### Given entries

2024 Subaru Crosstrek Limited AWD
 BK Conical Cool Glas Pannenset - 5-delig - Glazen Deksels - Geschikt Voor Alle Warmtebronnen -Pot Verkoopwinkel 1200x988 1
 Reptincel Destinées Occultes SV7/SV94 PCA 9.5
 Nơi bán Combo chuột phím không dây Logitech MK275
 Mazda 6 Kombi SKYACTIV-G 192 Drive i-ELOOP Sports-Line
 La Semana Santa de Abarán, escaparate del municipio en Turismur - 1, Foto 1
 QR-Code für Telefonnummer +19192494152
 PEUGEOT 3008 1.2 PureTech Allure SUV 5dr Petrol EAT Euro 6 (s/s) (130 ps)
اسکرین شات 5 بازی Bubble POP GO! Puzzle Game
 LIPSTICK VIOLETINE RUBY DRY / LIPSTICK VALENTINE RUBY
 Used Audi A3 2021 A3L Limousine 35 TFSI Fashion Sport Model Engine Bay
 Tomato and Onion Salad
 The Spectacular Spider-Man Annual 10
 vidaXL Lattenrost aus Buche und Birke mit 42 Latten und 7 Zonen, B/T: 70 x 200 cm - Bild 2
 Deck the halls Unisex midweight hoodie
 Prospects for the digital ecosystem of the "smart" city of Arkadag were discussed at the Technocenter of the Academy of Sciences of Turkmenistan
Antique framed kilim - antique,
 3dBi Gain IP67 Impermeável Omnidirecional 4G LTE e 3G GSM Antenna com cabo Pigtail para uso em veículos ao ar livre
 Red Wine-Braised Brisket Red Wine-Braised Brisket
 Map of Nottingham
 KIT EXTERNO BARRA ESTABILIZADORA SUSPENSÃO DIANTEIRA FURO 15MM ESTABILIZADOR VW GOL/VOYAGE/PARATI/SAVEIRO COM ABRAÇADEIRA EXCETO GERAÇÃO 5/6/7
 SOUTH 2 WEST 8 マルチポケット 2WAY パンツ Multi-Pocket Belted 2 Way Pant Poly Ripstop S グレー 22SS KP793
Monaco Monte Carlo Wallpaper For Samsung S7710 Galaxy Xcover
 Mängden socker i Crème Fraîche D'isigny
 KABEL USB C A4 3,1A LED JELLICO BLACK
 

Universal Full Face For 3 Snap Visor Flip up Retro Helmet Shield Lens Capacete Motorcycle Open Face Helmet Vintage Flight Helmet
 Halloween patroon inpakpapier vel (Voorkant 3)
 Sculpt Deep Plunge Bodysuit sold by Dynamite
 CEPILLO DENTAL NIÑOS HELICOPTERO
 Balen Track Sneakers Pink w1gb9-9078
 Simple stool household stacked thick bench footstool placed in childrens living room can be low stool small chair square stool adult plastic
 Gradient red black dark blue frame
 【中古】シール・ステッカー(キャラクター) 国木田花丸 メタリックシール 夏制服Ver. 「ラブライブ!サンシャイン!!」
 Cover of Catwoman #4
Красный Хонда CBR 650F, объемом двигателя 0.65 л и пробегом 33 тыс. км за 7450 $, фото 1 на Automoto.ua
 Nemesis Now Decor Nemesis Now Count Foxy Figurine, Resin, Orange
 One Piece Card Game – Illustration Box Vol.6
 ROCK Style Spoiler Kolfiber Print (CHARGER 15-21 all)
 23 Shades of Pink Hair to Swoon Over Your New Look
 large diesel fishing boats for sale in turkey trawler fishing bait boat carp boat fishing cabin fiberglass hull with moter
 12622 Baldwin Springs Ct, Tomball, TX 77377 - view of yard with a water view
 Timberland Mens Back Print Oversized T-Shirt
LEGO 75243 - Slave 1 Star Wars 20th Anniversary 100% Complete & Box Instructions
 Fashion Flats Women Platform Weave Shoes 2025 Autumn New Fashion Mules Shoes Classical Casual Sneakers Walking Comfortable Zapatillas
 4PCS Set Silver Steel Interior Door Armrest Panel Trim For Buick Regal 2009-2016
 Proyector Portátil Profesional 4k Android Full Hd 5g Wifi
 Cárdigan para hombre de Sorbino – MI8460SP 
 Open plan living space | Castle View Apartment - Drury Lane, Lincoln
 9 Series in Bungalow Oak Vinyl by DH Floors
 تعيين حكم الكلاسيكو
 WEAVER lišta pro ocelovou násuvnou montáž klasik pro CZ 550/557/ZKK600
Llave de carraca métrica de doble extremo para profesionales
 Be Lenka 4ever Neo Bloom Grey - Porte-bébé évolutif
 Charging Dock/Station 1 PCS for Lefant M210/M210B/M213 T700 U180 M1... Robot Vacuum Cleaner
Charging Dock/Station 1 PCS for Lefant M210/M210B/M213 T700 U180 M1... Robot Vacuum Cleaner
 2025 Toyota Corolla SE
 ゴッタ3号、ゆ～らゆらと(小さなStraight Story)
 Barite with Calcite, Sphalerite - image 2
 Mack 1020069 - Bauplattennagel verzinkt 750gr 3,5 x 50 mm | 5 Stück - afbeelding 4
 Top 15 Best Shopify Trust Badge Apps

######

Task to complete: Filter the data down to the lines that contain the string "Game", and copy them.

Output for this task:
اسکرین شات 5 بازی Bubble POP GO! Puzzle Game
 One Piece Card Game – Illustration Box Vol.6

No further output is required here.